* ACTION ITEM
Using the listing below, set down exactly the lines from the one that contains "Kaifuku Jutsushi wa, Oujo" through the one that contains "Бюфет 80x30x65 см", with no pictures.

* INPUT
******************************

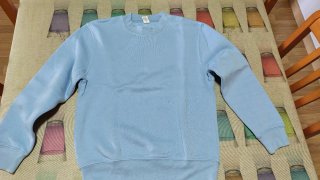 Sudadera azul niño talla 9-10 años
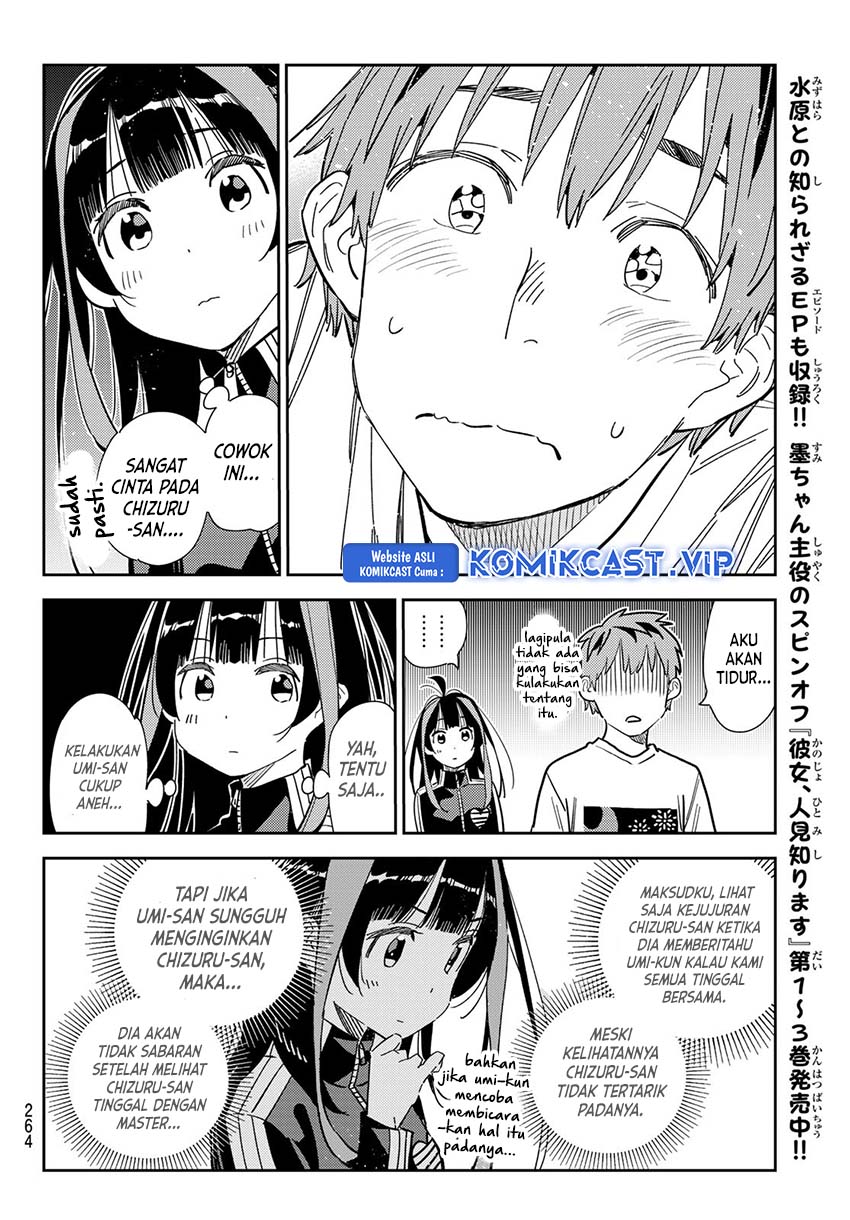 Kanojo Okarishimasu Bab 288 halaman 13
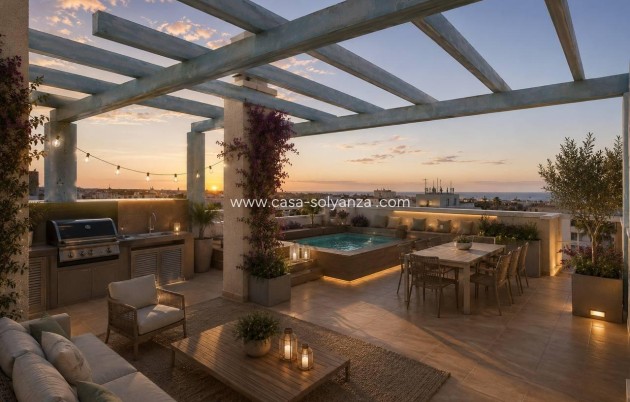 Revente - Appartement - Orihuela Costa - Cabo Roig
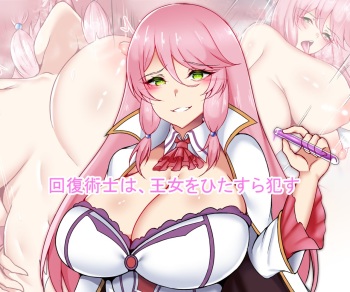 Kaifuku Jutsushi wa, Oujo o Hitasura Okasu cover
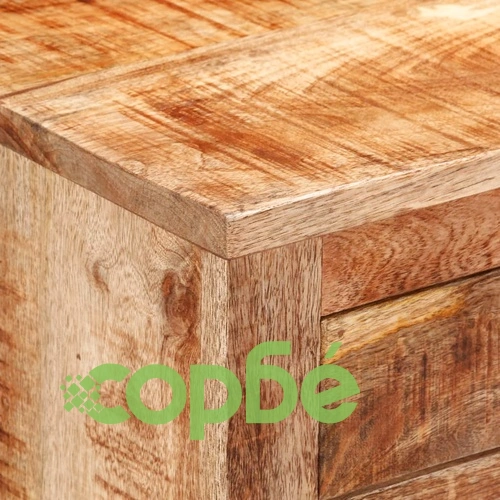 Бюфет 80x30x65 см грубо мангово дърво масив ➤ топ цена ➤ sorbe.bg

******************************

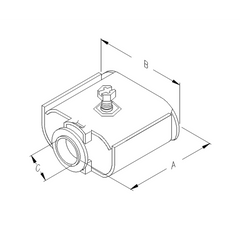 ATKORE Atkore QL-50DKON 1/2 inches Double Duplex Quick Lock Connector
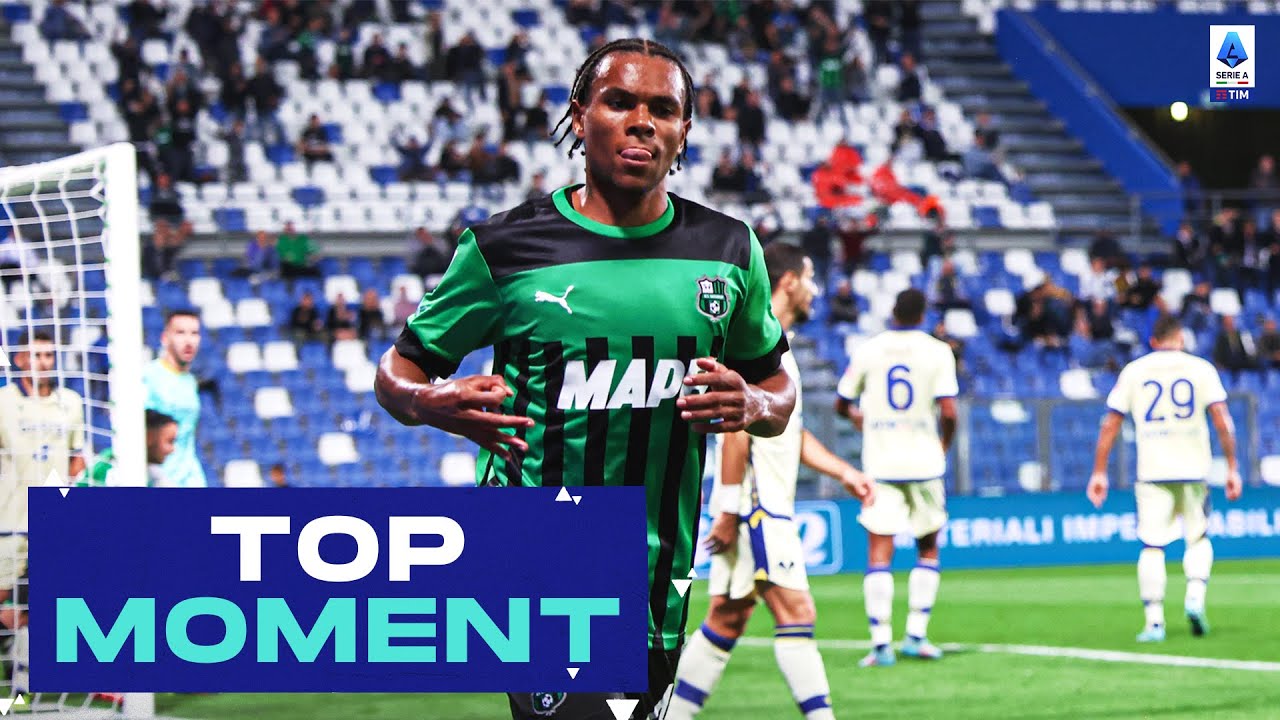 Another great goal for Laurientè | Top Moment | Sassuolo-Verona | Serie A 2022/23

******************************

* ANSWER
 Kaifuku Jutsushi wa, Oujo o Hitasura Okasu cover
 Бюфет 80x30x65 см грубо мангово дърво масив ➤ топ цена ➤ sorbe.bg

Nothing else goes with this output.